__RECORDS FOR THE EXERCISE__
━━━━━━━━━━
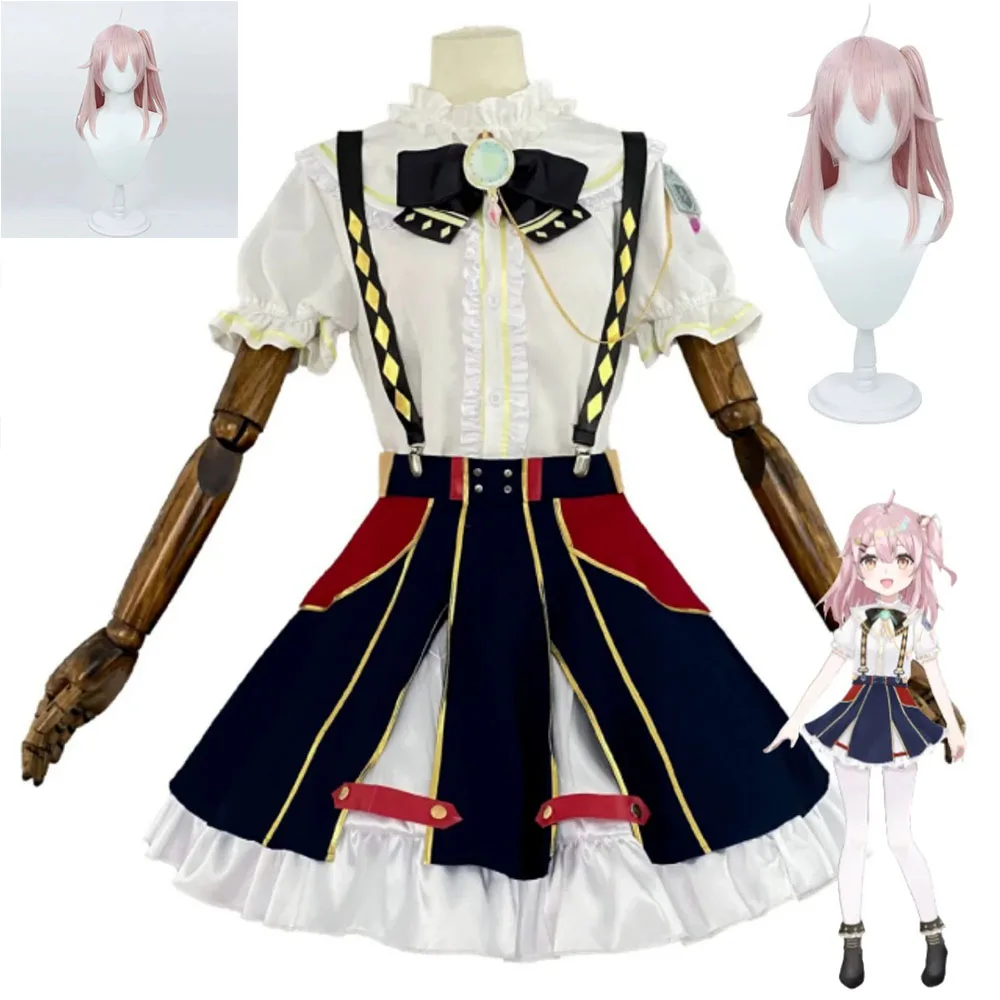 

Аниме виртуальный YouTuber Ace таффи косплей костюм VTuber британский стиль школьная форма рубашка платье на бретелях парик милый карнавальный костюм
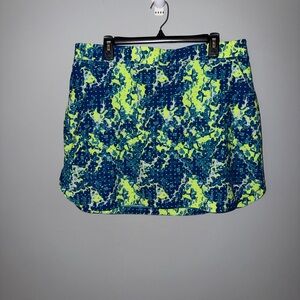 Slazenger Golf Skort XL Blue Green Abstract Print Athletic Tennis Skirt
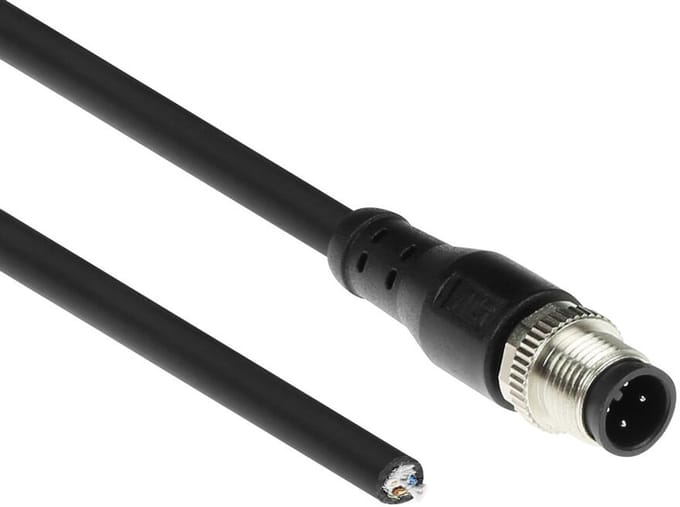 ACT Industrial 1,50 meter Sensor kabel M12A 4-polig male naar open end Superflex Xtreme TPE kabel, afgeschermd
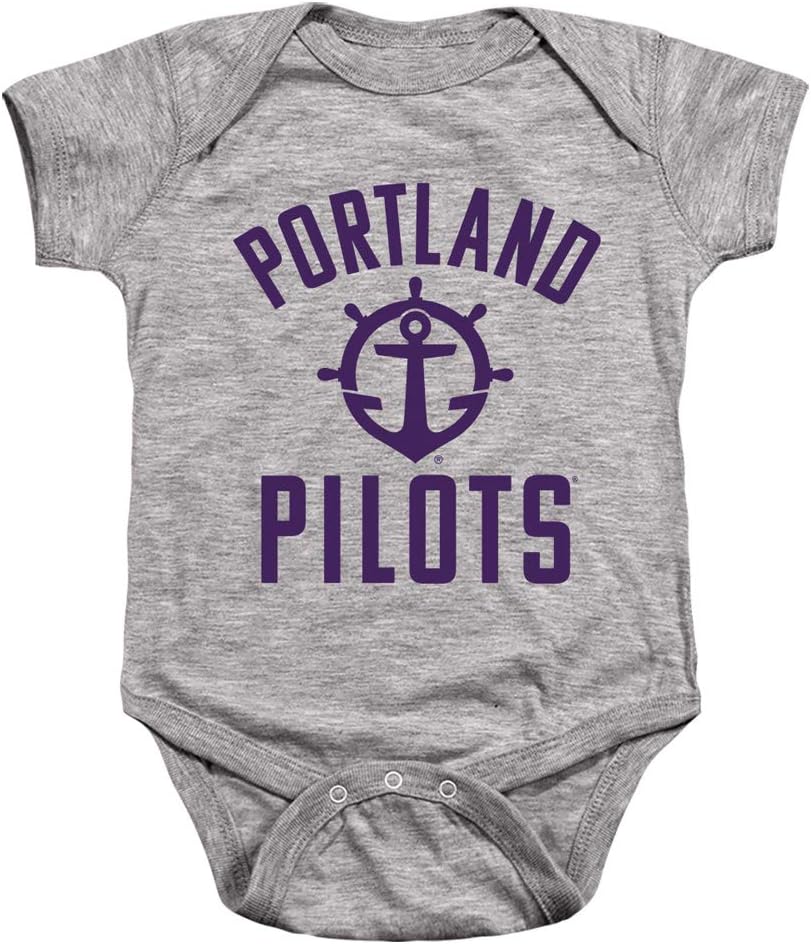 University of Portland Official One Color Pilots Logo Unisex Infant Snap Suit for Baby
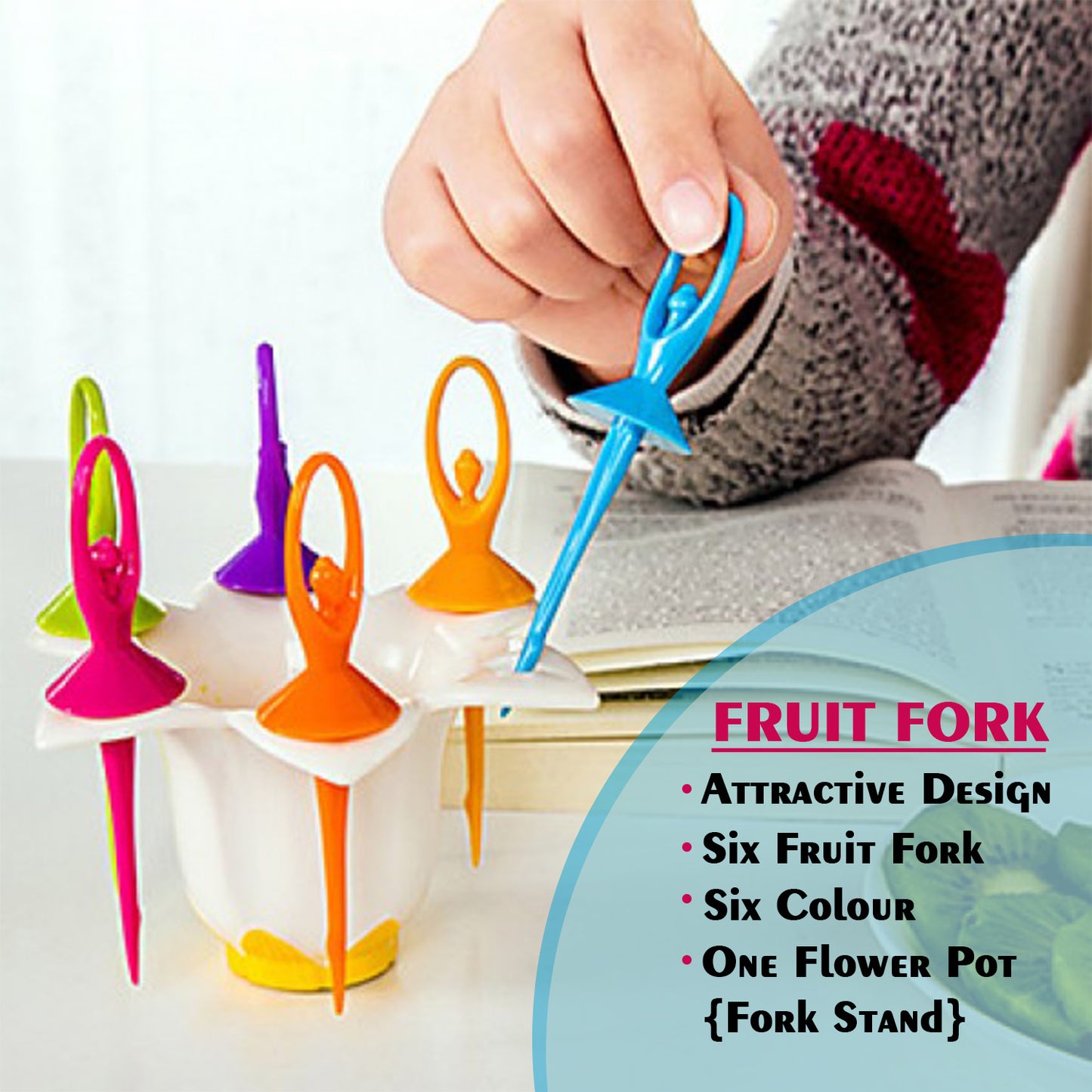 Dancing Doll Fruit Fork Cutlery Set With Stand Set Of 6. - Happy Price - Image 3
━━━━━━━━━━
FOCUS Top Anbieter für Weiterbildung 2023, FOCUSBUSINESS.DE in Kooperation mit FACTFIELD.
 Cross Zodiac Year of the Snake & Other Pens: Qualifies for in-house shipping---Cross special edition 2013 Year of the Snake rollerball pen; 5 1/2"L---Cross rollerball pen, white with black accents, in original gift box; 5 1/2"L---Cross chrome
━━━━━━━━━━
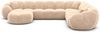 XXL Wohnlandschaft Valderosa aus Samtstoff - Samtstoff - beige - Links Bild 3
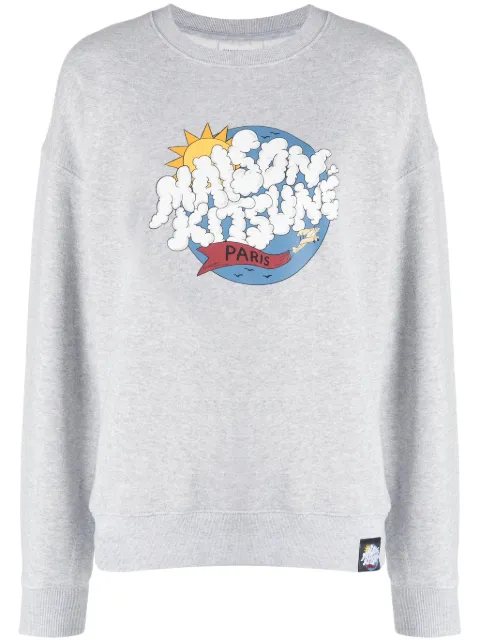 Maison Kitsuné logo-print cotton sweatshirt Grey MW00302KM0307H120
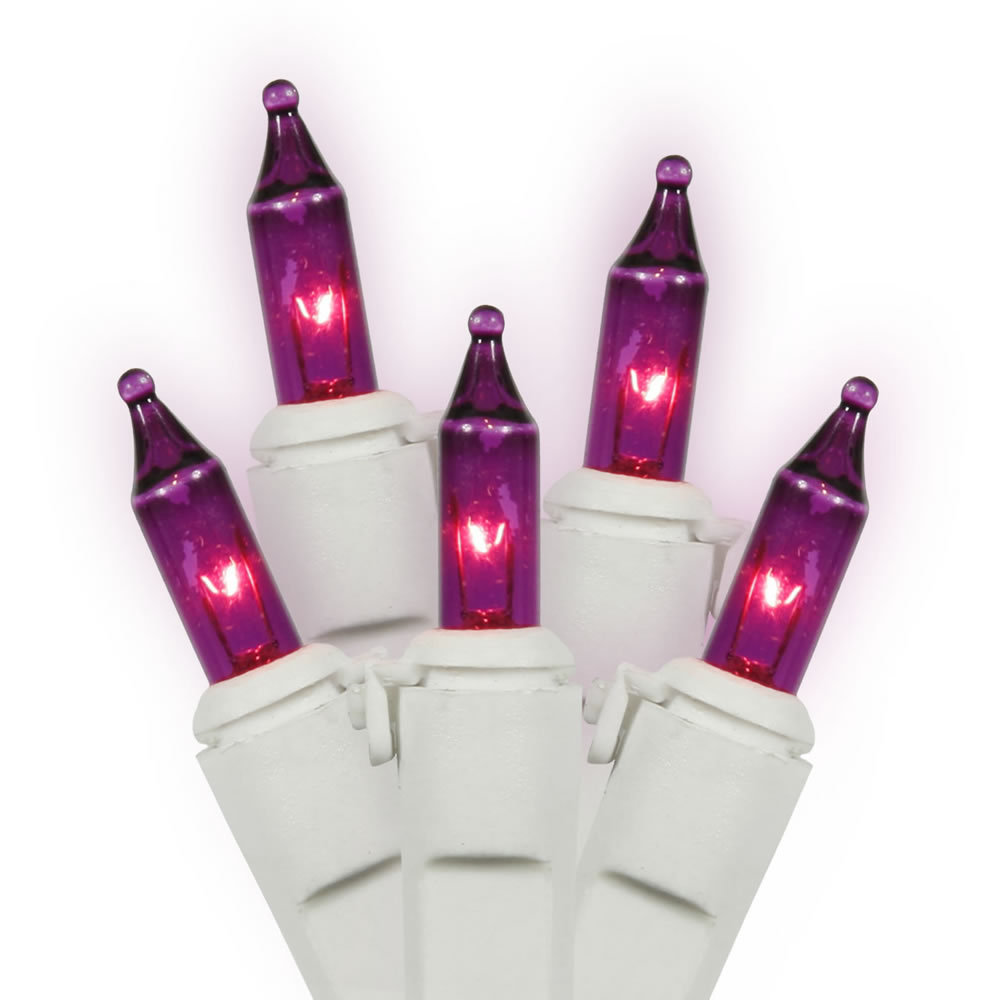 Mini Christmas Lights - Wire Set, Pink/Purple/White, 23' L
━━━━━━━━━━
__WHAT IS BEING ASKED__
In the listing above, find the line with "Аниме виртуальный YouTuber" and the line with "Dancing Doll Fruit". Set down both and every line between them, minus the pictures.

__SOLUTION FOR THIS TASK__
Аниме виртуальный YouTuber Ace таффи косплей костюм VTuber британский стиль школьная форма рубашка платье на бретелях парик милый карнавальный костюм
 Slazenger Golf Skort XL Blue Green Abstract Print Athletic Tennis Skirt
 ACT Industrial 1,50 meter Sensor kabel M12A 4-polig male naar open end Superflex Xtreme TPE kabel, afgeschermd
 University of Portland Official One Color Pilots Logo Unisex Infant Snap Suit for Baby
 Dancing Doll Fruit Fork Cutlery Set With Stand Set Of 6. - Happy Price - Image 3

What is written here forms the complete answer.